江別創造舎

活動コンセプト
「個が生き、個が活かされる地域(マチ)づくり」
「地域が生き、地域が活かされる人(ヒト)づくり」

クナシリ・メナシの戦い

2018年01月26日 | 歴史・文化

 農村では、人口が減少し、耕地の荒廃が進み、重い年貢や小作料の収奪に苦しむ農民たちによる百姓一揆が激化しました。

 天明3(1783)年から7年にかけての大凶作による飢餓は、それに一層の拍車をかけ、多くの農民が都市に流入しました。その結果、年貢収入は激減し、幕府財政は極度に窮迫しました。
 都市でも米価が騰貴し、打ち壊しが頻発しました。加えて、田沼意次・意知父子による重商主義政策の時代末期には賄賂による役人の出世が横行し、幕政に対する不信感を増長しました。

 田沼が失脚した翌年(天明7年)、老中となった松平定信は、幕藩制の危機を打開するための改革に着手しました。これが、寛政の改革です。
 改革の着目は、天明の飢餓により荒廃した農村を復興すること、物価を安定させ都市の社会秩序を回復すること、大名・旗本への統制を強化し、幕府の権威を回復することなどでした。しかし、倹約令による景気の極端な抑制策や奢侈品の禁止、風俗矯正を意図した徹底的な教戒政治は、「白河の清きに魚も住みかねて元の濁りの田沼恋しき」と、庶民の強い反発を呼ぶことにもなりました。
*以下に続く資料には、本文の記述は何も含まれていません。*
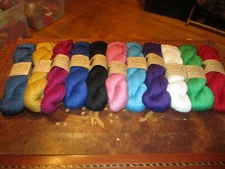 EYB Criative DK Yarn - choice of 11 colors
 クナシリ・メナシ地方のアイヌが蜂起したのは、こうした寛政の改革が緒についた寛政元(1789)年5月のことでした。
 飛騨屋が請け負っていたクナシリ場所のアイヌたちが虐待や賃金の不払い、アイヌ女性への唇めなどに怒り、場所支払人や番人、出稼ぎの漁民たちを襲撃しました。アイヌの怒りは、対岸のメナシ地方(現・根室管内)にも広がり、そこの同胞と合流して飛騨屋の施設を襲い、両地方で合わせて71人の和人を殺害しました。

 松前藩は鎮圧軍を送り、幕府の指示を受けた津軽・南部両藩も援軍体制を整えました。折からロシアの南下が伝えられ、アイヌがロシアと結びつくことへの危惧もあって事態は緊迫しました。しかし、クナシリのイトコイ、アッケシのツキノイら惣乙名は、松前藩へ恭順の意を示し、蜂起したアイヌを説得し投降させたため松前藩との武力衝突には至りませんでした。

 寛政元年6月、松前藩は、アイヌが訴えた飛騨屋の非道を認めたものの、蜂起の首謀者37人を処刑して事態を収束させました。そして、この戦いがアイヌにとって最後の大蜂起となりました。
 松前藩は、同年8月、アイヌの蜂起の責任は、場所請負人の飛騨屋にあるとして、久兵衛の請負場所五カ所(クナシリ・キイタップ・アッケシ・クスリ・ソウヤ)の全てを没収しました。この没収された請負場所は、もともと松前藩の借金の引き当てとして飛騨屋が手に入れたものであり、飛騨屋は怒り、幕府に対し控訴状を提出しました。
 しかし、ない袖は振れず、形ばかりの涙金の弁済で手を打つしかありませんでした。

 松前藩は、以後先の五カ所の請負場所を藩主直領とし、阿部屋村山伝兵衛はその差配方を命じられましたが、実質的には場所請負と変わりませんでした。



註:江別市総務部「新江別市史」83-84頁.
写真:飛騨屋久兵衛石狩山伐木図(北海道大学付属図書館所蔵)
 同上書77頁を複写掲載いたしております。